Incapables de se rencontrer en personne, certains membres des AA «remercient Zoom pour leur survie même».

Publié le par kreizker

in "News-24", 30 Novembre 2020

Leurs réunions se déroulaient discrètement dans les sous-sols des églises, une pièce d’amis au YMCA, au fond d’un café. Mais lorsque la pandémie a frappé le printemps dernier, les membres des Alcooliques Anonymes et d’autres groupes de toxicomanes en convalescence ont trouvé ces portes rapidement fermées.

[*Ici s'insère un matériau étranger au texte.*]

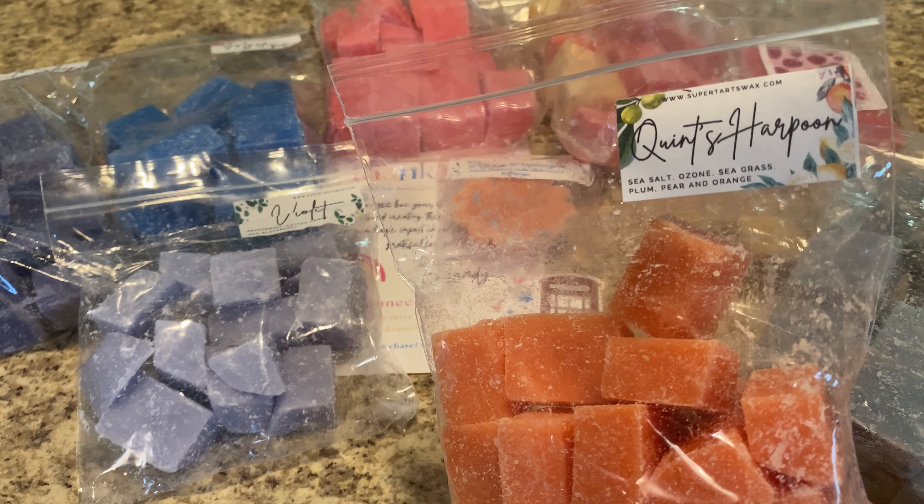I got two bricks of Jaws, because when Jaws is on the site I feel like I have to get it. Sea salt, fresh air, seagrass, sliced plum, sweet pear — I don't need to talk about this one too much. It's an aquatic perfection scent, my absolute favorite scent from her and a lot of other people's.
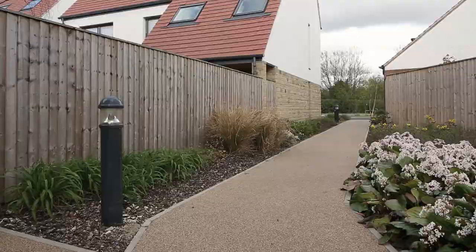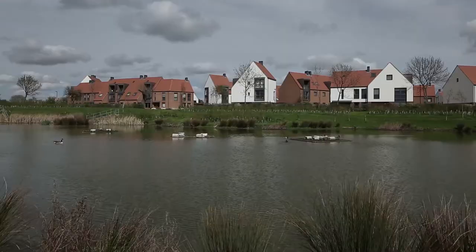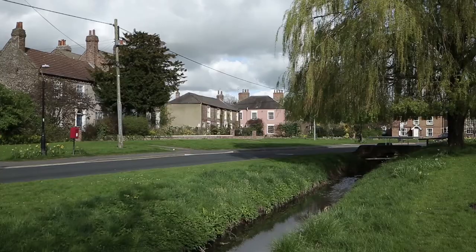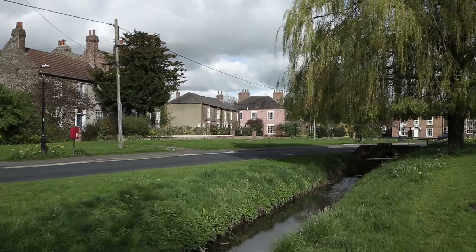Derwenthorpe has been designed with the streetscape in mind, with lots of different styles of homes to give it a feel of space and tranquillity. Access is off Oswaldwick village, which is one of the prettiest areas of York.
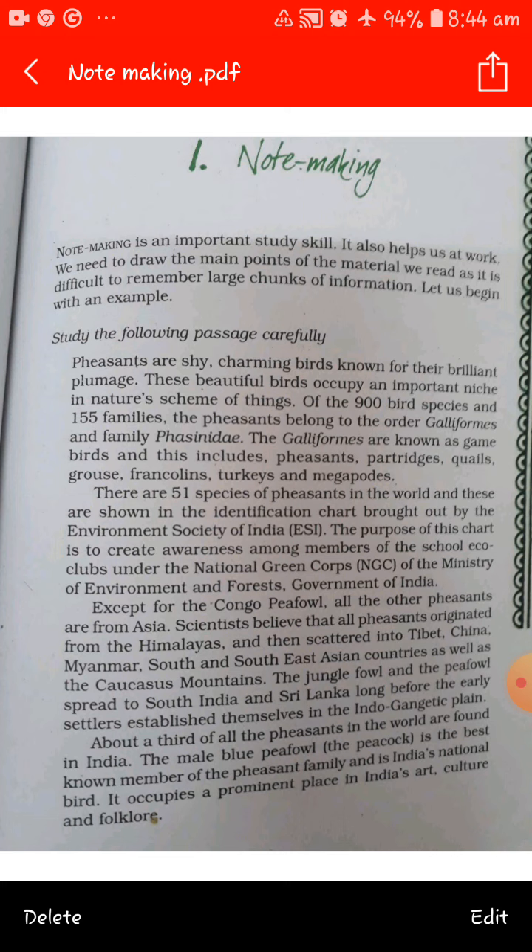Let's begin with a note making exercise. Study the following passage carefully: Pheasants are shy, charming birds known for their brilliant plumage. These beautiful birds occupy an important niche in nature's scheme of things. Of the 9,000 bird species and 155 families, pheasants belong to the order Galliformes and the family Phasianidae. Galliformes are known as game birds, and this includes pheasants.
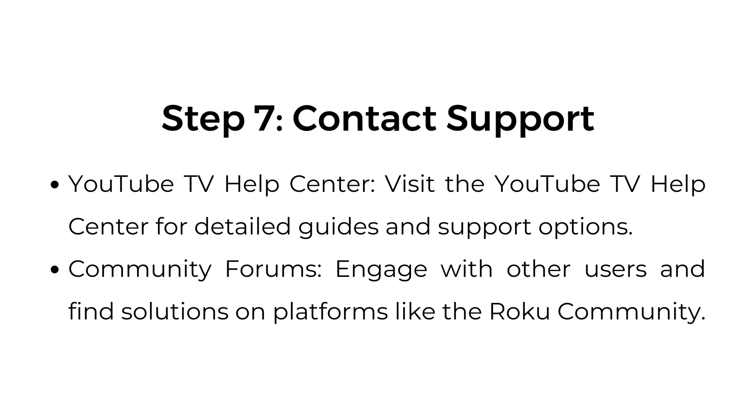Step number seven: contact support. YouTube TV Help Center — visit the YouTube TV Help Center for detailed guides and support options. Community forums — engage with other users and find solutions on platforms like the Roku community.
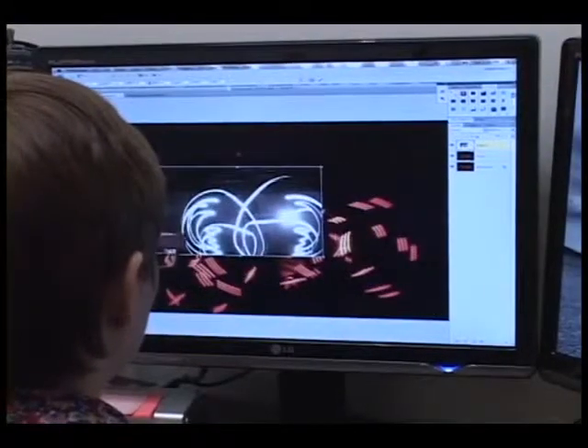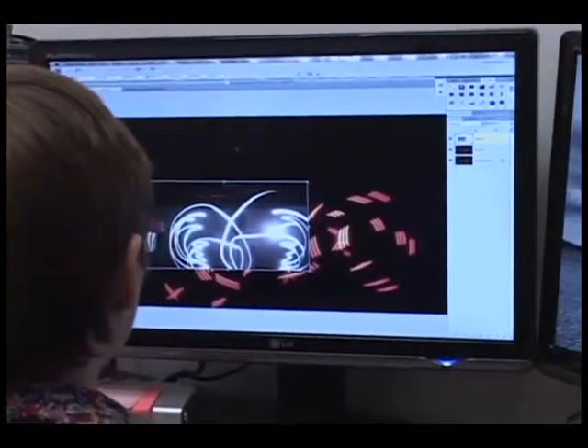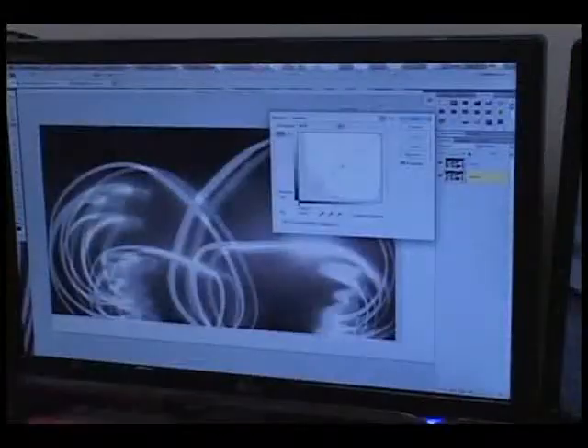What do you do in Betty's class? Well, what we do is we learn Photoshop, the Adobe software to manipulate and work on digital images. One of the projects is Drawing with Light, which is a really, really fun assignment.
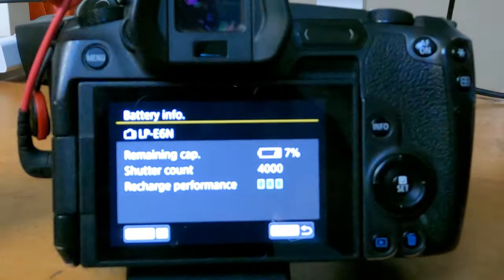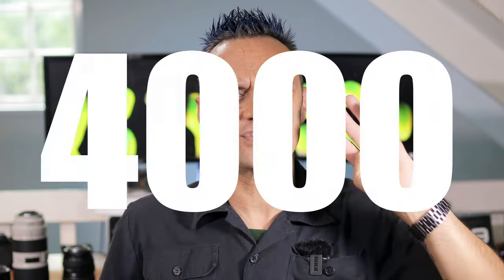4,000 shots on one battery. I ended up stopping because I was thinking, how many shutter actuations am I going to put on this camera? Is it going to die? Am I going to kill it? One day in the future I'm going to remember these thousands of shots I've used on the shutter. So I stopped and still had 8% left on the battery.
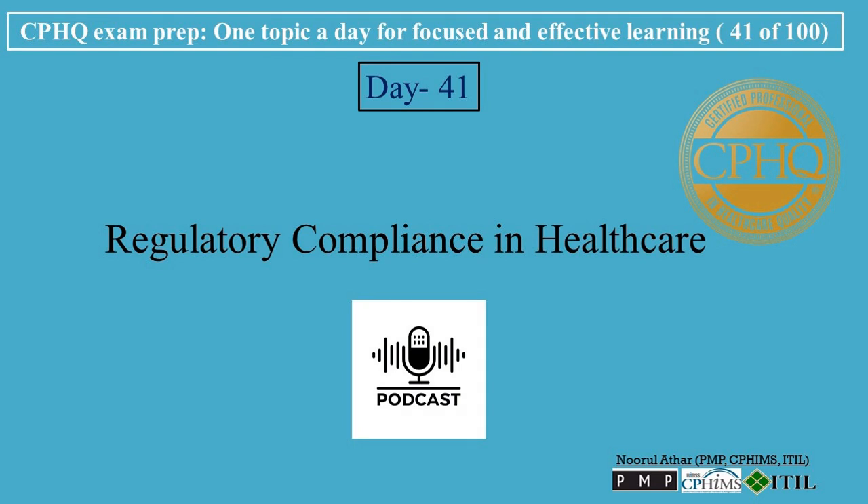Hi, welcome to Professional Certifications Channel. Let's break down CPHU exam prep, one topic a day for focused and effective learning. Today's topic is Regulatory Compliance in Healthcare.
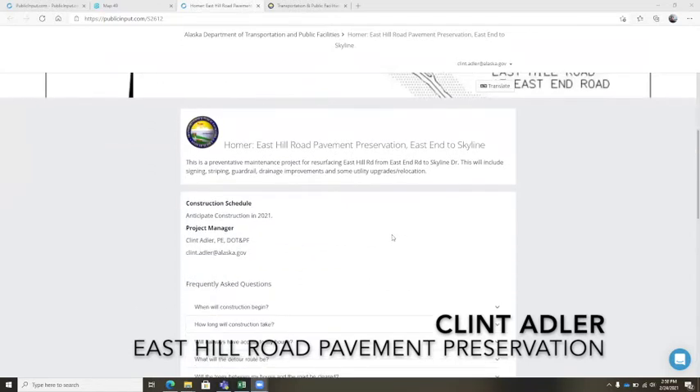One interesting thing about this project is that the roadway was the first project in Alaska to be paved with an experimental foam asphalt stabilized base. It was very innovative at the time — that happened back in about 2001, which was the last time this project was paved. So it's been about 20 years, and it's well due for a resurfacing.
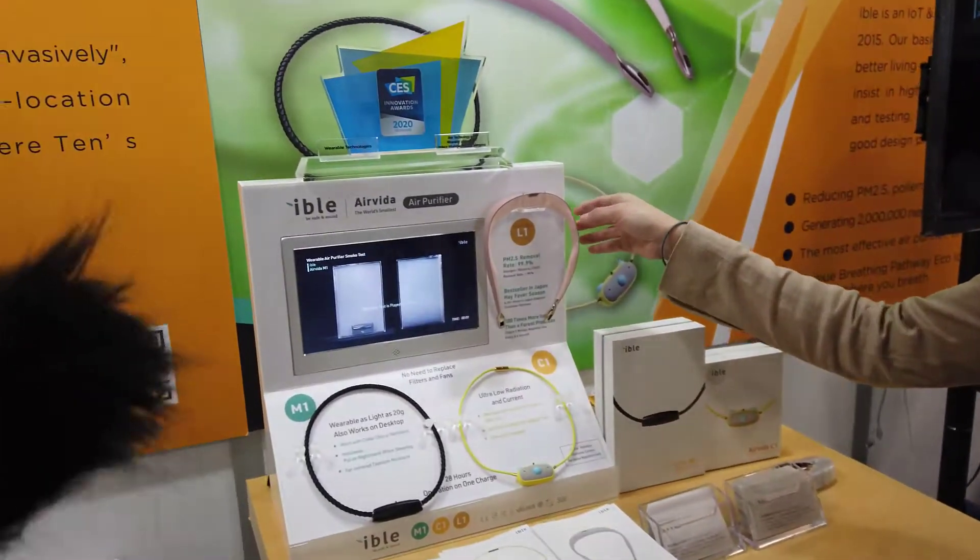Our company name is Hypo Technology and we are doing a wearable air purifier solution. We just won a CES Innovation Award for our wearable air purifiers.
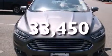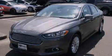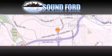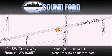Call now to find out how you can own this breathtaking automobile. Sound Ford is located at 101 Southwest Grady Way in Renton. Our goal is to exceed all of your expectations to ensure that you'll return for future visits.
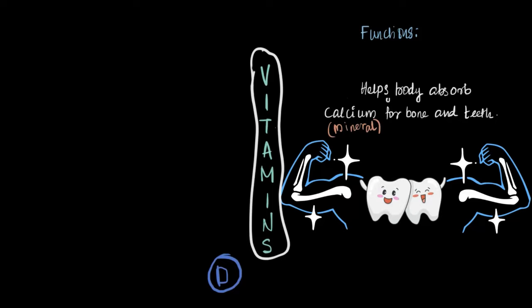Calcium is a mineral which we'll study later. And trust me, trying to chew with weak teeth is like trying to cut wood with a spoon — just not going to work.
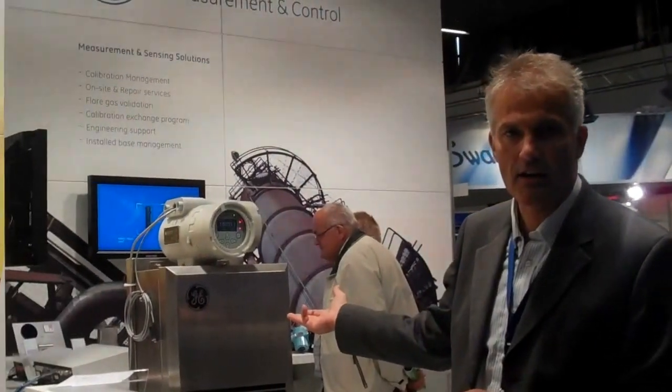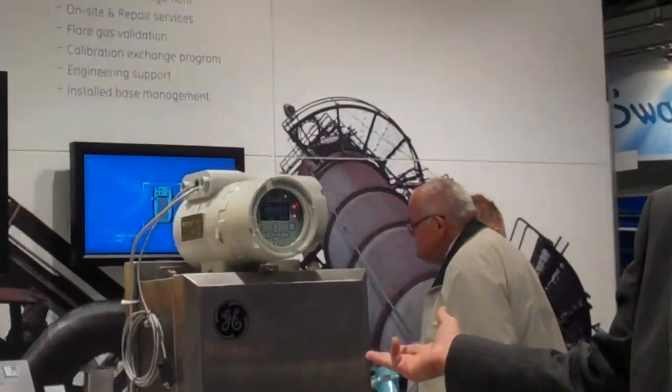The exciting products that we are showing today include the Panaflo HT, Foresight, the new Terp Technology for Pressure Measurement, as well as the new Aurora, the Moisture Analyzer for Natural Gas Applications.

Ce qui s’est passé ensuite est l’une de ces cascades créatives que le virus a indirectement déclenchées. La rééducation s’est déplacée en ligne, presque du jour au lendemain, avec zèle. Non seulement des milliers de réunions des AA ont lieu sur Zoom et d’autres lieux de rencontre numériques, mais d’autres acteurs majeurs de l’industrie de la réadaptation se sont lancés, transformant un rituel quotidien que beaucoup attribuent à leur sauvetage.

«Les membres des AA à qui je parle vont bien au-delà de la fascination initiale pour l’idée qu’ils regardent un écran de carrés hollywoodiens», a déclaré la Dre Lynn Hankes, 84 ans, en convalescence depuis 43 ans et médecin à la retraite en Floride. avec trois décennies d’expérience dans le traitement de la toxicomanie. «Ils remercient Zoom pour leur survie.»

Les gens sur le terrain disent que la réadaptation en ligne est susceptible de devenir un élément permanent du traitement de la toxicomanie. Être en mesure de trouver une réunion pour se connecter 24 heures sur 24, 7 jours sur 7, présente des avantages bienvenus pour les personnes qui n’ont pas de moyen de transport, ou qui sont malades ou qui jonglent avec les défis parentaux ou professionnels qui rendent une réunion en personne difficile un jour donné. Les réunions en ligne peuvent également être un bon tremplin pour les personnes qui commencent juste une cure de désintoxication.

 

Certains participants disent que l’expérience en ligne peut avoir une sensation étonnamment intime.

«Vous ressentez davantage les inconnus, comme lorsqu’un chat saute sur ses genoux ou qu’un enfant peut courir en arrière-plan», a déclaré un membre des AA de 58 ans en début de rétablissement à Portland, Oregon, qui a refusé de donner son nom en citant les recommandations de l’organisation de ne pas chercher de publicité personnelle.

En même temps, lui et d’autres disent qu’ils ont soif de l’intensité brute de la présence physique.

«Les câlins me manquent vraiment», a-t-il déclaré. «La première fois que je pourrai retourner à l’église du coin pour une réunion, je le ferai, mais je ferai toujours des réunions en ligne.»